Today:  The Poverty Of The Information Revolution

*** Negatives? What could be negative?...

*** Nasdaq stocks fall sharply in after-hours trading - 
nearly $3 trillion in paper wealth has disappeared since 
March...

*** The U.S. dollar may be in trouble...blabbermouths...
rich nations...consumers beginning to worry...and more!

*** "It's a very delicate market," said an analyst 
yesterday, "one that moves quickly and mercilessly if 
there's anything perceived as being negative." 


*** But what could be 'negative?' Yes, the economy is 
slowing...the revised figure for the last quarter showed a 
2.4% growth rate - the lowest in 4 years. And after-tax 
profits growth rate dropped to 0.6% - the worst performance 
since the '98 Asian currency crisis.


*** And, yes, an old friend reports that the IPO he 
scheduled for a start-up tech company had to be rescheduled 
for January. And the WSJ adds that IPO investors are losing 
interest in the new tech start-ups. "Everyone's bearish" on 
technology said another source - quoted by Reuters.

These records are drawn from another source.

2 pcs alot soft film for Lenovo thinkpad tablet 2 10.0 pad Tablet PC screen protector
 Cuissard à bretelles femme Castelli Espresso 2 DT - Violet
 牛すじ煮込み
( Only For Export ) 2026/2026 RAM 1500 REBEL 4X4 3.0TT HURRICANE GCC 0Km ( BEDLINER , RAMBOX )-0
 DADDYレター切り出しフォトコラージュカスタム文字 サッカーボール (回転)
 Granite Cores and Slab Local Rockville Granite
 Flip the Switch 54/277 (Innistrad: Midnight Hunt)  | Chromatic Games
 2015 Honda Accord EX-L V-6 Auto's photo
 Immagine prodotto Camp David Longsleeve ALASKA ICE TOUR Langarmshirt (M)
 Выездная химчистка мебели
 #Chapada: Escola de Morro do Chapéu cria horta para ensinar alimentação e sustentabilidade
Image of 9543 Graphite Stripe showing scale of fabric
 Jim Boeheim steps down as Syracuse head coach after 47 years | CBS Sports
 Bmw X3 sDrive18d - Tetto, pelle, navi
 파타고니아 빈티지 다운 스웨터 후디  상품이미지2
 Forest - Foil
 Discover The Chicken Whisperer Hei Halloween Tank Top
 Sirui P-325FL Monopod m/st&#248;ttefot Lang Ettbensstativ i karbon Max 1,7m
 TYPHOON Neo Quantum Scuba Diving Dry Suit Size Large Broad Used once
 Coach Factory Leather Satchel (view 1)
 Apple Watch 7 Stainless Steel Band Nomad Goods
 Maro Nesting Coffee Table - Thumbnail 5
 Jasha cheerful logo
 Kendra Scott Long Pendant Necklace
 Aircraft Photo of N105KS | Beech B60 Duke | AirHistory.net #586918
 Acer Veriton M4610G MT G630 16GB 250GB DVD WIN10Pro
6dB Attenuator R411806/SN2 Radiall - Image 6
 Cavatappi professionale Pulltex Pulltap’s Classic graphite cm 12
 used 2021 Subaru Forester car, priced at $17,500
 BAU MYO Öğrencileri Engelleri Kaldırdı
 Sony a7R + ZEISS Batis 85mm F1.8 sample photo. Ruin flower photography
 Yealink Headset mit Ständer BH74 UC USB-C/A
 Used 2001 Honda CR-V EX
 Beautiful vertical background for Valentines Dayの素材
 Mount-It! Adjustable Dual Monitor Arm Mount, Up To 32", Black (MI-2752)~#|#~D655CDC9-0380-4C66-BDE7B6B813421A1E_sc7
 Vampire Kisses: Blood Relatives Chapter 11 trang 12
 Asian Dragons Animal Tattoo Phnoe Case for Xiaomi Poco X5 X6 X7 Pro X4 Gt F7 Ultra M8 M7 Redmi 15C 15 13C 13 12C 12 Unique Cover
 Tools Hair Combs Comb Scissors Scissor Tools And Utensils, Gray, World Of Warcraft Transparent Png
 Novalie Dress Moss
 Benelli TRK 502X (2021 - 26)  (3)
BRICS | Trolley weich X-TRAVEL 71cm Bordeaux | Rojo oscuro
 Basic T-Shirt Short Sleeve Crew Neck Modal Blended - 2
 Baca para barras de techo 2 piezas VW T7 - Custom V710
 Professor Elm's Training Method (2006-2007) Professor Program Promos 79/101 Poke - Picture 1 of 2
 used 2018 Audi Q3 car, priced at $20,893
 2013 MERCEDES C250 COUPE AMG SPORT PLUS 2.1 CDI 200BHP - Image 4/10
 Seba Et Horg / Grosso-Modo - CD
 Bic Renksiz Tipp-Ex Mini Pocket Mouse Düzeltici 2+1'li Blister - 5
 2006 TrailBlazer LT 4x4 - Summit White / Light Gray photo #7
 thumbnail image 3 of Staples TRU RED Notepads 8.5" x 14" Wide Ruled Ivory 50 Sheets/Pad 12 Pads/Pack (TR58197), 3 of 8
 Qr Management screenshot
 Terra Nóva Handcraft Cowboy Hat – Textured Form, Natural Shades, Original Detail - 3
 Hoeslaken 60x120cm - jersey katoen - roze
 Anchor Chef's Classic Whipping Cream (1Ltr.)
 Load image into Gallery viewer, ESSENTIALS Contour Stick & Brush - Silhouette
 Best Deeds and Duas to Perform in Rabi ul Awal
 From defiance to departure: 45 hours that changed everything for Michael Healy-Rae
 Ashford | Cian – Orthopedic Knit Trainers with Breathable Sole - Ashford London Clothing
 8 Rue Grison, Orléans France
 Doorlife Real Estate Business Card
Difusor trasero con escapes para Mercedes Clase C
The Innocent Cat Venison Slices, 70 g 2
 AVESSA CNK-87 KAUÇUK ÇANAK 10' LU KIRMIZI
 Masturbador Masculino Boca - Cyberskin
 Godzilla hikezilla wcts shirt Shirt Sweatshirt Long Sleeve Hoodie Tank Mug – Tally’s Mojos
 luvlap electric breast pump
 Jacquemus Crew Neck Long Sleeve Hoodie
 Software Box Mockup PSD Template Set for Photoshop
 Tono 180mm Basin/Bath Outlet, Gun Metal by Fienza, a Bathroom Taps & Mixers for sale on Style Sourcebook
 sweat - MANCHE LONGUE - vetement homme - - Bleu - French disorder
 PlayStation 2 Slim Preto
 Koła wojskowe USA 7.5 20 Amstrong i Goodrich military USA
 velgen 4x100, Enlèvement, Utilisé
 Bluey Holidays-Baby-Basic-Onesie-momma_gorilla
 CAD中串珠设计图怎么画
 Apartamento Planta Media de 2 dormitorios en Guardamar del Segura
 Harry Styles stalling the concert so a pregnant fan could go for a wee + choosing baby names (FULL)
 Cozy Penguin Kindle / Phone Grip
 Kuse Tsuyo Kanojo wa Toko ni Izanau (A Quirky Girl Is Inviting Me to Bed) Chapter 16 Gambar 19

*** And, yes, collapsing Nasdaq prices have already wiped 
out nearly $3 trillion in stock market wealth - an amount 
equal to almost the entire increase in wealth gained by all 
the households in America in 1998. And still the average 
stock is overvalued by 2, 3, maybe 4 times.


*** And it's also true that the latest Presidential 
election was perhaps the most bollixed in American history.


*** And, yes, energy prices are twice what they were a year 
or so ago...and heating oil stocks are worryingly low. And 
the International Herald Tribune reports today that 
"Economic Signs Point to a Global Slowdown."


*** But apart from that - what's the problem?


*** The Nasdaq fell modestly yesterday, losing 28 points, 
and dropping to its lowest level since Oct. '99. It has 
been down in 12 out of the last 15 session. 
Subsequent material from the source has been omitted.